Toogie leaned toward Grace and remarked in a stage whisper, “I don’t think he’s going to get a very good grade on this science project.”
Undaunted, I proceeded. “Watch what happens to that reflection on the fridge.”
As I slowly moved the orange in front of the flashlight, the circle of light on the refrigerator slowly disappeared until it was fully blotted out.
“Voila!” I declared, triumphantly. “That, folks, is a total eclipse of the sun!”
“Total eclipse of the sun,” Toogie mused slowly. “Aren’t those lyrics from some song?”
“You’re So Vain,” Grace piped up. “By Carly Simon. Some people think she was describing Warren Beatty.”
“I thought it was David Bowie,” Toogie replied.
“Ladies, please!” I interrupted. “We are talking about a major astrological event here.”
“He means astronomical,” Grace whispered.
“We’ll experience some really cool, amazing things,” I declared. “For example, we will see a 360 degree sunset.”
When they did not respond, I pointed toward the kitchen baseboards. “In every direction. North, South, East, West. Sunset all around.”
“It would have helped if you had baseboard lighting,” Toogie offered.
Grace covered her mouth to hide a chuckle.
“When the sun is fully covered,” I explained, “we will see stars like we do at night.”
“Point your flashlight at the ceiling,” Grace suggested.
Dutifully, I did and Toogie quipped, “Looks a lot like the sun to me.”
“Wait,” Grace declared, opening a cabinet drawer. She retrieved a metal colander and held it over the flashlight producing a sky of stars on the ceiling.
Continuing the lesson, I revealed, “And when it gets dark, the temperature will drop by ten to fifteen degrees.”
“I got this one,” Toogie declared, opening the refrigerator door.
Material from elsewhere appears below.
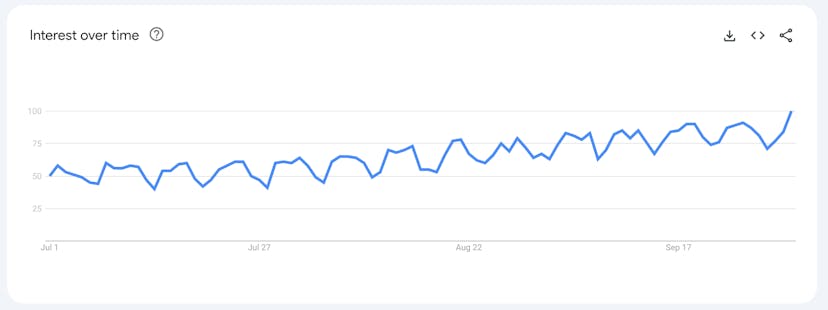 /your-next-viral-article-is-a-google-trend-away feature image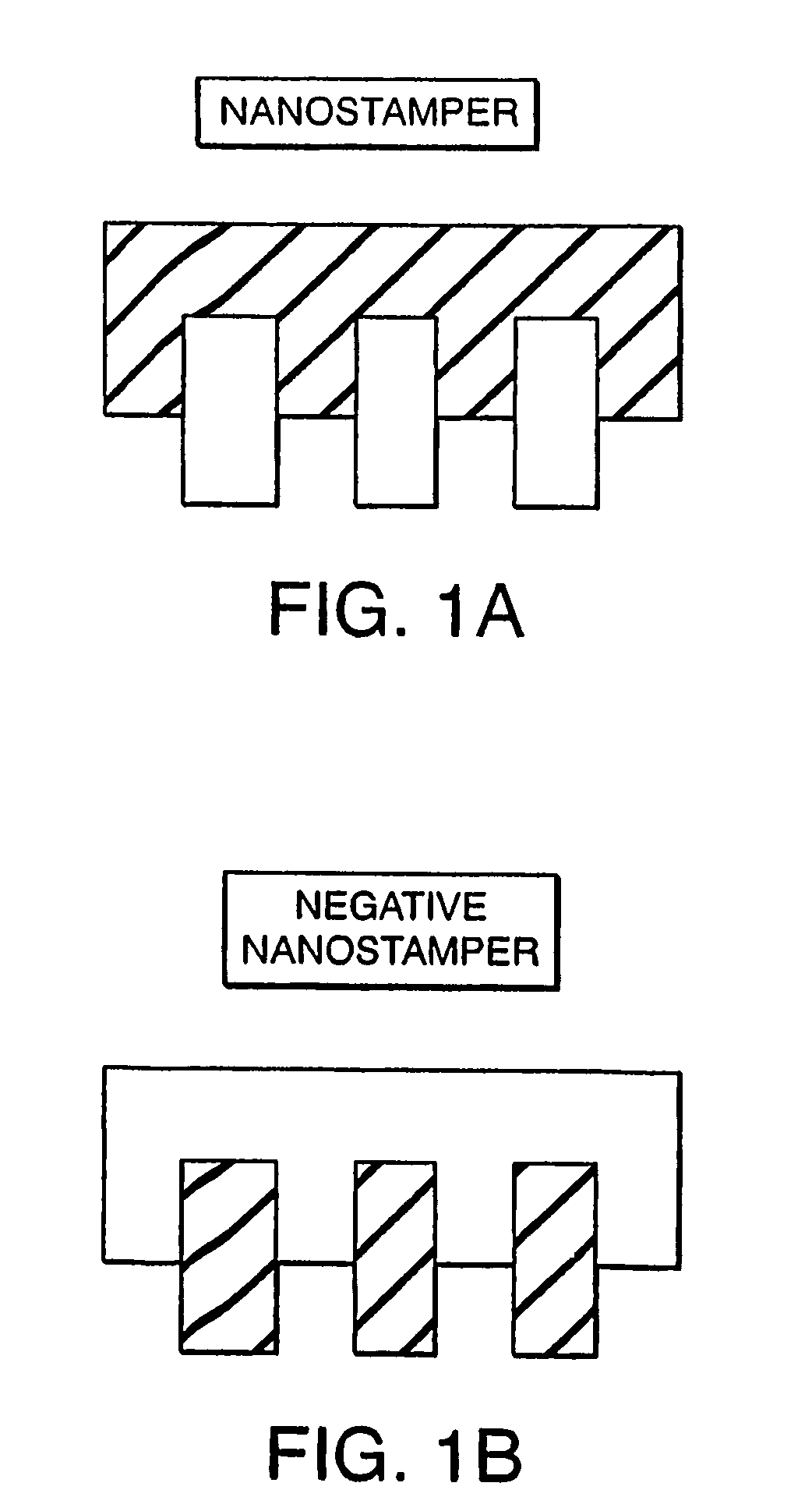 Method for assaying cell movement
“Now for the final act,” I proclaimed. “If you will close the refrigerator door, I will display how the moon traverses its path and the sun will reappear.”
“I think we get it,” Grace injected. “Plus, it’s dinner time.” Ever mindful of my efforts, she added, “That was a wonderful astronomy presentation, Sweetheart.”
Grace and Toogie clapped politely as I turned off the flashlight and returned the orange to the fruit basket.
“How about a drink?” Grace inquired. “Maybe a Blue Moon beer with a slice of orange?” She leaned closer, smiled and cooed, “Have I told you lately that I love you more than the flashlight, the orange and the colander?”
It took a moment for the translation to sink in. I smiled back at her and reflected on the fact that I am the luckiest guy in the universe.